It is in the north that Jacob is given the name Israel. And it is in the north where archaeologists have unearthed the name Israel in the mid-2nd millennium BCE.

In the stages of human development, once humans settled into cities, life very much mirrored the way we live our lives today. People engaged in specialized economic activities and produced surpluses that could be traded for other necessities. Vast trade networks developed. Wood from Lebanon, copper from the Sinai, tin from Anatolia, lapis lazuli from Afghanistan, finished products from Babylon and grain and linen from Egypt all moved great distances to reach their final destinations. Cities developed to support the international trade. Two such cities were Ugarit and Ebla.

Ugarit was a city in northern coastal Syria. It peaked between the 15th and 13th centuries BCE. Its inhabitants spoke a Northwest Semitic language and wrote in a cuneiform script. Further inland, Ebla was a major trading hub until it was destroyed at the end of the 17th century BCE. Its inhabitants spoke an Eastern Semitic language and wrote in a cuneiform script. Traders in both locations recorded their transactions on clay tablets, and major archives were unearthed at both Ugarit and Ebla. At each of these locations, tablets were unearthed that contained the personal name ‘Israel.’

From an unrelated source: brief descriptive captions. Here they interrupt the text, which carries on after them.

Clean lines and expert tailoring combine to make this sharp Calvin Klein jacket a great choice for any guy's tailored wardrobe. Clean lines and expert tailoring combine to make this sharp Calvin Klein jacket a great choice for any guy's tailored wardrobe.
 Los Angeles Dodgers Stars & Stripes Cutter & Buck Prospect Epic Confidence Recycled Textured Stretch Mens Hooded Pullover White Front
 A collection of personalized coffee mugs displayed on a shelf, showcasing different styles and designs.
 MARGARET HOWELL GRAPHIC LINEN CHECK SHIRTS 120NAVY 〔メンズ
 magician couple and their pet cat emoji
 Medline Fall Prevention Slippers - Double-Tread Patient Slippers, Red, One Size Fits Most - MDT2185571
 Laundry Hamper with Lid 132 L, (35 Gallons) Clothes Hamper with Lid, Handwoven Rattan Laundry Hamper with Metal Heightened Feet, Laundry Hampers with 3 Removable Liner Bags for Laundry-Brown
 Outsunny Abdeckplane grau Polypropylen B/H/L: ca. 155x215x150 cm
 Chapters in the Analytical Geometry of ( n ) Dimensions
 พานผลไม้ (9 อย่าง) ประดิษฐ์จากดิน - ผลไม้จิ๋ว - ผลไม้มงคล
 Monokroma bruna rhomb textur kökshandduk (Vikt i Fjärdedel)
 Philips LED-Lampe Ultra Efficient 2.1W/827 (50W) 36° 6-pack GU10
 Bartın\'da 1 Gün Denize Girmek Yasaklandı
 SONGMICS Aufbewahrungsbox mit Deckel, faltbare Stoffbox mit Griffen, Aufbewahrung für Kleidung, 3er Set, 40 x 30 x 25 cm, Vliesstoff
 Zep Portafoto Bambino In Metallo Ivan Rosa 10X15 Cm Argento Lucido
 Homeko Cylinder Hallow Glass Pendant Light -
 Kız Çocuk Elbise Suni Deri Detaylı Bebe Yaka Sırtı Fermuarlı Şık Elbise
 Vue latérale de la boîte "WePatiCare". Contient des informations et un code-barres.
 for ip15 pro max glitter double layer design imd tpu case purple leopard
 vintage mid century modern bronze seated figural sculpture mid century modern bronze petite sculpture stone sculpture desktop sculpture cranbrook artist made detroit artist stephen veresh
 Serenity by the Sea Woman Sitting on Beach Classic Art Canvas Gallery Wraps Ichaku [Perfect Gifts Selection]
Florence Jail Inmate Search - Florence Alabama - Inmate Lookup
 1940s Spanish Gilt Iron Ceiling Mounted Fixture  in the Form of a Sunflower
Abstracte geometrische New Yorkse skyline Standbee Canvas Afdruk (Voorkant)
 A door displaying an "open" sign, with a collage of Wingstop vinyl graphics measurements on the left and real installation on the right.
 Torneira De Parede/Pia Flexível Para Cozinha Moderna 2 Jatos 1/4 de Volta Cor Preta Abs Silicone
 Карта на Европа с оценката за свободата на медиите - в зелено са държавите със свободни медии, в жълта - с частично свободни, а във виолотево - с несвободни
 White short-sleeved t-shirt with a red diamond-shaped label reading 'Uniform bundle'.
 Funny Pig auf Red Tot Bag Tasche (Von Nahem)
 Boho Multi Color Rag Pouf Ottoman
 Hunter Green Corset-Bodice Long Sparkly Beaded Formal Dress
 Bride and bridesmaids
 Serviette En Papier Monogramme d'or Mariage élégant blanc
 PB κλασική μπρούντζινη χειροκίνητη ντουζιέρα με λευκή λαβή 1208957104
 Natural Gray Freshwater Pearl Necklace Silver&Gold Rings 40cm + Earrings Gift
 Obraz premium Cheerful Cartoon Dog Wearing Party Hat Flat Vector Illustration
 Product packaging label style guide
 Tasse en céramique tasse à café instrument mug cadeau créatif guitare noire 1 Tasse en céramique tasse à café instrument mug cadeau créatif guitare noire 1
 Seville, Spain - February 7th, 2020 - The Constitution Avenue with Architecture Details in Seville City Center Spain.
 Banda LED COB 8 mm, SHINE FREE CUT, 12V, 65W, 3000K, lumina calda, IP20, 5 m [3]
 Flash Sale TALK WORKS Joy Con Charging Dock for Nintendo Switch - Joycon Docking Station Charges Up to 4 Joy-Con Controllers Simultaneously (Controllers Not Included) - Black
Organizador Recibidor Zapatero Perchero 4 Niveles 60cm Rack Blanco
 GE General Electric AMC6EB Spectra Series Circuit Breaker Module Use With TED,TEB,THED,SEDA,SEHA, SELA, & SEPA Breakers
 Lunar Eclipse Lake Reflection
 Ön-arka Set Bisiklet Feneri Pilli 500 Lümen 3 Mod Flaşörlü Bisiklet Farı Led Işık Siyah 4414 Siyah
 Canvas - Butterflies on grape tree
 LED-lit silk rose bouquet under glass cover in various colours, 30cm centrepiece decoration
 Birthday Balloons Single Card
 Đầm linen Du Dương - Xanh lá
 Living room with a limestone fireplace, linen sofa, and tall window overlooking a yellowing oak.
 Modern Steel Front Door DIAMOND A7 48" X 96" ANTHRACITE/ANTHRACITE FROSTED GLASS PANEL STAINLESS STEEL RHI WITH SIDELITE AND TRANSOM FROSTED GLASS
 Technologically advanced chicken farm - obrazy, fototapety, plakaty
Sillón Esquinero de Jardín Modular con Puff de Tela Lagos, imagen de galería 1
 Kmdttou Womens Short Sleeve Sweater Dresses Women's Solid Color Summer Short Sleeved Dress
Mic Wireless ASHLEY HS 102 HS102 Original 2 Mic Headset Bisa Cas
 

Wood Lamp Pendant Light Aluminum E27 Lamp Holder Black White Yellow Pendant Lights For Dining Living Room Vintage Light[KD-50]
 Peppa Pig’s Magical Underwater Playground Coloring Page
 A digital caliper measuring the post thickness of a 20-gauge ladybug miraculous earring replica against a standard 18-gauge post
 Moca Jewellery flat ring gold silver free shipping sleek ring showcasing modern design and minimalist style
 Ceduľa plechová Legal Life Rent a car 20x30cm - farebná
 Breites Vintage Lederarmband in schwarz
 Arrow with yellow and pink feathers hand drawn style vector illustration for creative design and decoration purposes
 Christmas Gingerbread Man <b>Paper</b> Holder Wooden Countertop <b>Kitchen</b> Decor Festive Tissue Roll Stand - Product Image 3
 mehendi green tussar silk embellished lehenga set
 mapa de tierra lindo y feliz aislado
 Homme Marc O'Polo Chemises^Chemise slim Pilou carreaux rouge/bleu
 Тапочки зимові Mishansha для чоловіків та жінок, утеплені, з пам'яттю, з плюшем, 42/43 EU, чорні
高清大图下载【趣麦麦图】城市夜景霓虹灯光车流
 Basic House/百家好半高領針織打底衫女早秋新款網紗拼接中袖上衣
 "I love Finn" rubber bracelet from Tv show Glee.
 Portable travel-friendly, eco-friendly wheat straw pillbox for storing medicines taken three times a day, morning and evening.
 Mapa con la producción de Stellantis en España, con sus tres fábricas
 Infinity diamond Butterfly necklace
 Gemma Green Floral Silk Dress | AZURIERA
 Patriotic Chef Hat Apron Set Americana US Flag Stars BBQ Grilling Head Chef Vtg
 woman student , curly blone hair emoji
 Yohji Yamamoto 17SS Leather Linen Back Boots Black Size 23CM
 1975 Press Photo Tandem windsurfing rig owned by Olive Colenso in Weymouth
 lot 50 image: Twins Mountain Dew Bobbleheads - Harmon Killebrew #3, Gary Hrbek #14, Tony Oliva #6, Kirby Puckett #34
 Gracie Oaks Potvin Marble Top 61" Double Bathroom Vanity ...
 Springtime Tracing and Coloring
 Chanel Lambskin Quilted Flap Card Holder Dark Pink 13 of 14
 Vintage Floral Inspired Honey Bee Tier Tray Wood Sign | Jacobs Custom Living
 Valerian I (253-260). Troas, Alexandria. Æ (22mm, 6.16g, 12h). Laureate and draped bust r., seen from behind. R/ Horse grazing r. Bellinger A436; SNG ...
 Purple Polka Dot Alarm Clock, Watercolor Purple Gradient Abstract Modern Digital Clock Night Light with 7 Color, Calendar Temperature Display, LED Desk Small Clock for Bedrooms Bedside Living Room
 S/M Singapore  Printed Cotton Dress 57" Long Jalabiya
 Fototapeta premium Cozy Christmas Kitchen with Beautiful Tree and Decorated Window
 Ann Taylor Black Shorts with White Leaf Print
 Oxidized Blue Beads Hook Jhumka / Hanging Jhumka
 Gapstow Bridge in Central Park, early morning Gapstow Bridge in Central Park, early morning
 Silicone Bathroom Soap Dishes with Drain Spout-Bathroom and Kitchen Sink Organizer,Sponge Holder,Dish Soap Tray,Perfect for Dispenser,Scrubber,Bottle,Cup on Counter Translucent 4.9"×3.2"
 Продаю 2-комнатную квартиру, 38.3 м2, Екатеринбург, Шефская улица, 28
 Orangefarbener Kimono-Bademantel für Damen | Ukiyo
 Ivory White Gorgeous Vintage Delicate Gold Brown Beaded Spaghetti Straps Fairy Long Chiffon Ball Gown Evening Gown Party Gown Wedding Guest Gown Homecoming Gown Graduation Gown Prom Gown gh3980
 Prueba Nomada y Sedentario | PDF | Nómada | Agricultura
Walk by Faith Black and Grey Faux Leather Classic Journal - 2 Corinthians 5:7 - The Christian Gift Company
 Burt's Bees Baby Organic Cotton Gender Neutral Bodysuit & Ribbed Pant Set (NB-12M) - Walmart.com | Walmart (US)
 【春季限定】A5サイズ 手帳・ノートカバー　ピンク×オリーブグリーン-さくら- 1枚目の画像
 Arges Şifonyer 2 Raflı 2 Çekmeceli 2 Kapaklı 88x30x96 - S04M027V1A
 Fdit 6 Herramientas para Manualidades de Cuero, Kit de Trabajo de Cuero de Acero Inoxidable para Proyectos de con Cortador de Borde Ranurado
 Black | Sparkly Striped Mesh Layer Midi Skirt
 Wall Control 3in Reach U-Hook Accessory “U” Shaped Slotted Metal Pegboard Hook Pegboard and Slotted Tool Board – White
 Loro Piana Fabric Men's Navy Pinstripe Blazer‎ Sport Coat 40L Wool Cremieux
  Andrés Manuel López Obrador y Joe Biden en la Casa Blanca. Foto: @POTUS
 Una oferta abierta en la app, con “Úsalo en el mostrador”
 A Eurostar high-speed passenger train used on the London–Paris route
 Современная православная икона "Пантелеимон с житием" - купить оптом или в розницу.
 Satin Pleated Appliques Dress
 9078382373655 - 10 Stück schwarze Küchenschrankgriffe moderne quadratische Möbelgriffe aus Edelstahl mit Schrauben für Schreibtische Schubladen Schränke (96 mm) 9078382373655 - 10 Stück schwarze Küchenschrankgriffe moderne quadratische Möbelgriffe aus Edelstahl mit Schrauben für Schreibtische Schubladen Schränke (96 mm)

At Ugarit, a text referenced as KTU 4.623.3 and shown in the image above, features a list of chariot warriors and includes one named Israel. At Ebla, a list of names included the name Israel. Notably, the suffix of the name Israel, -el, is the name of the chief Canaanite god El of the Canaanite epic Baal Cycle found at Ugarit. Thus Jacob receiving the name Israel in the north, where the name appears in different contexts, with the chief Canaanite god El appended to the name, demonstrates that Jacob’s new name Israel fits its time and location.